Plumbing problem? Avoid unnecessary cost and take preventative action to avoid spending a fortune on common plumbing and boiler issues.

Boiler has no hot water

Type of job

Based on a hot water direct (electric) unvented cylinder.

What adds expense?

“If this problem is caused by a faulty immersion heater which must be replaced, the cylinder needs to be drained, refilled and vented,” says plumber Danny Morris from MJC Plumbing.

If paying by the hour, you should allow 1-3 hours for this work to be undertaken. The larger the cylinder, the longer it will take.

How can I make it cheaper?

“You can reduce the likelihood of the immersion heater failing due to a build-up of scale by fitting a limescale preventer,” suggests Danny. “This is especially recommended in hard water areas.”

 

Ask to have a new drain cock fitted when the cylinder is drained. It's common for drain cocks to scale up which increases the time needed and therefore the cost to drain it in the event of a problem.

Clear a blocked sink

Type of job

Clear a blocked kitchen sink where the cause of the blockage is unknown.

What adds expense?

Most plumbers will charge by the hour for a job like a sink which fails to drain, so a blockage that’s hard to clear will cost more.

“Large blockages are often caused by disposing of cooking fat down the sink,” says Danny. “This causes food particles to stick together, creating a blockage in the pipes which can be difficult to clear.”

How can I make it cheaper?

“Ask your plumber to install a ‘rodding eye’. This allows easy access to clean the waste pipe in future,” says Danny. “It’s an unpleasant job, but you could also do this yourself to save money.”

 

Avoid bad sink blockages by never pouring cooking fats down the sink. Instead, allow the fat to cool and then scrape it into the bin.

House has no heating or hot water

Type of job

Investigate and fix a lack of central heating and hot water. Based on a standard combi boiler in a small home.

What adds expense?

A costly boiler engineer call-out charge could be avoided by investigating the cause of the lack of heating and hot water yourself.

“Check all the simple things first,” says Danny. “Is the boiler turned on? Check the gauge – is there enough pressure? If there’s an error message on the boiler display, check the fault code in your boiler’s manual or look online. Sometimes the problem can be fixed without having to call out an engineer.”

How can I make it cheaper?

“You could vent the radiators to restore the system to the correct pressure yourself – look for tutorials for this online. “But, if you’re not sure what to do,” says Danny, “it’s best to call a Gas Safe-registered boiler engineer.”

Most gas fitters will charge by the hour for this type of work.
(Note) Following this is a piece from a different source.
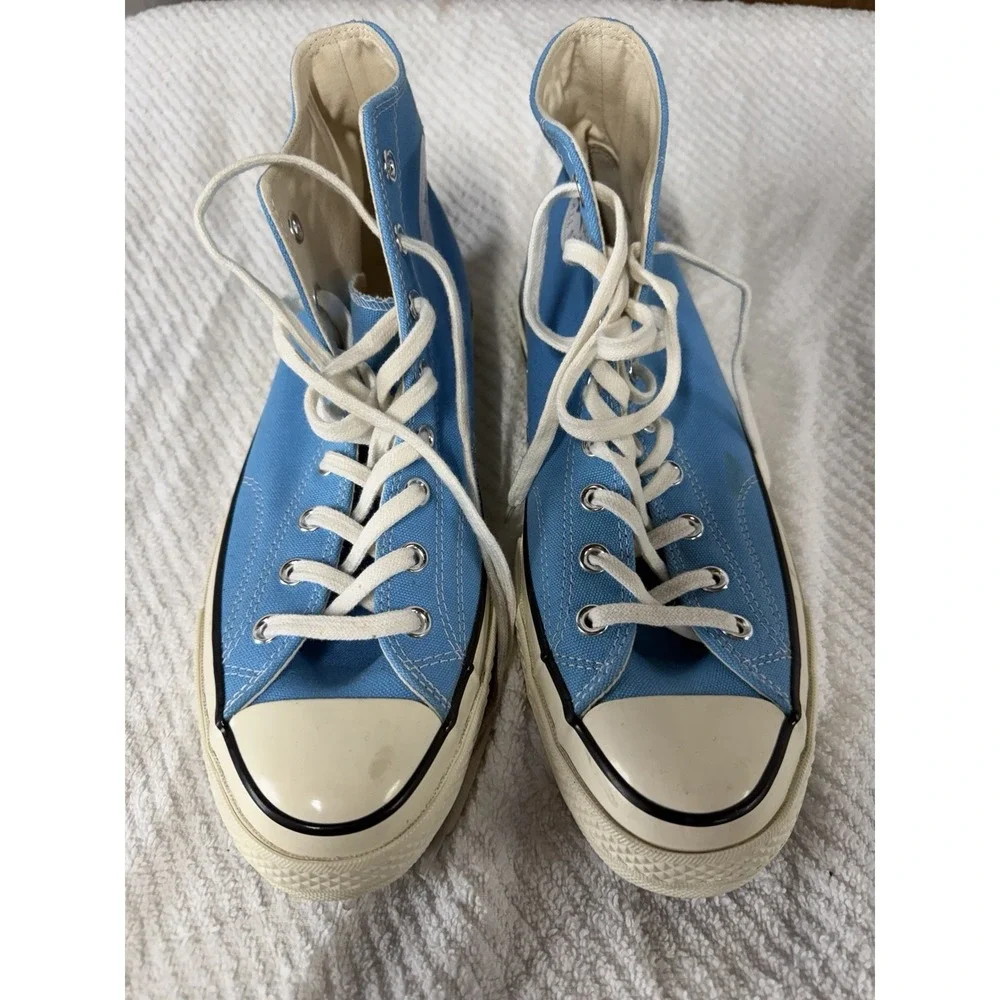 Converse versatile size features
Avoid paying more than you need to by clearing the area around the boiler and radiators before the engineer arrives.

Retrieving small items from waste pipes

Type of job

Recovering an engagement ring that's been dropped down the bathroom basin.

What adds expense?

Danny says: “Never run taps or flush a toilet should you lose a small item, such as a ring, down the drain. The jewellery could be washed into the main drain which will cause the job to take longer, cost more and dramatically reduce the chances of retrieving the item.”

How can I make it cheaper?

“Give the plumber good access by clearing all areas underneath and around the sink,” says Danny. “This will prevent time being wasted and costs mounting up once the plumber has arrived.”

 

Grates can be fitted to the waste pipe to prevent items being lost down the sink. Ask your plumber for details.

Leak through ceiling

Type of job

A leak coming from an upstairs bathroom and passing through the ceiling to the room below.

What adds expense?

“Time spent looking for the cause of the leak will add time to the job,” says Danny. “If you have a suspicion about the cause or have noticed any damp patches, tell your plumber at the outset to avoid wasting time.”
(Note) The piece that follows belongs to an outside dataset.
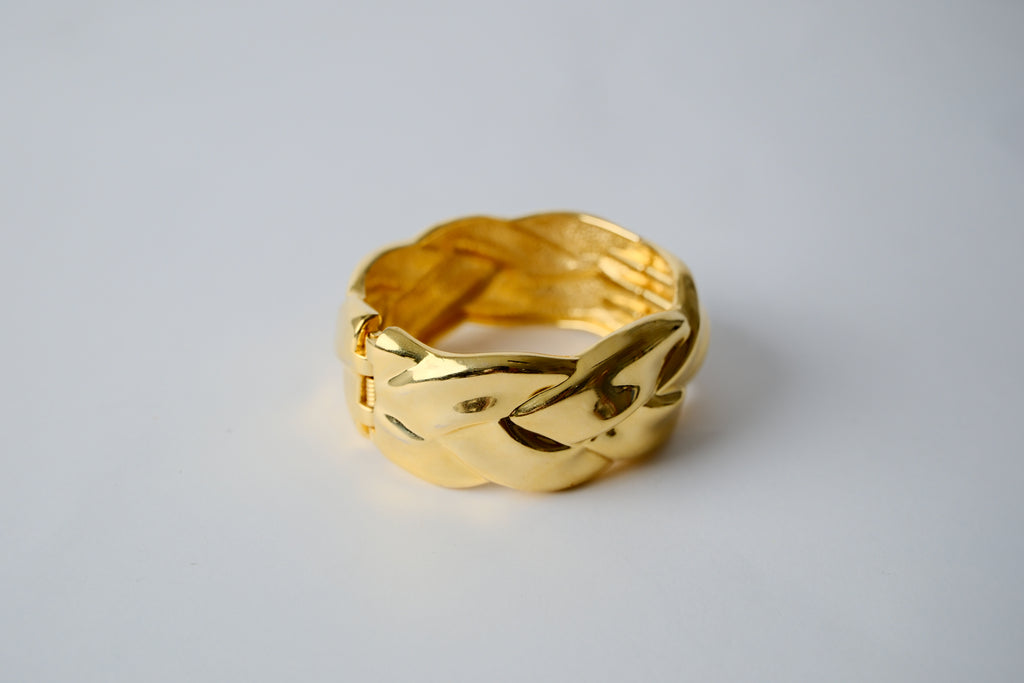 Vintage Gold toned Braided bracelet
How can I make it cheaper?

“Prevent a small problem from turning into a big one,” says Danny. “Run your hand around all accessible pipe joints in the bathroom every six months, or so. It’s often leaks caused by a small drip that's been left a long time that cause damage.”

His final tip is "Keep an eye on the seals around the bath where there’s a shower above. In my experience, most bathroom leaks originate there."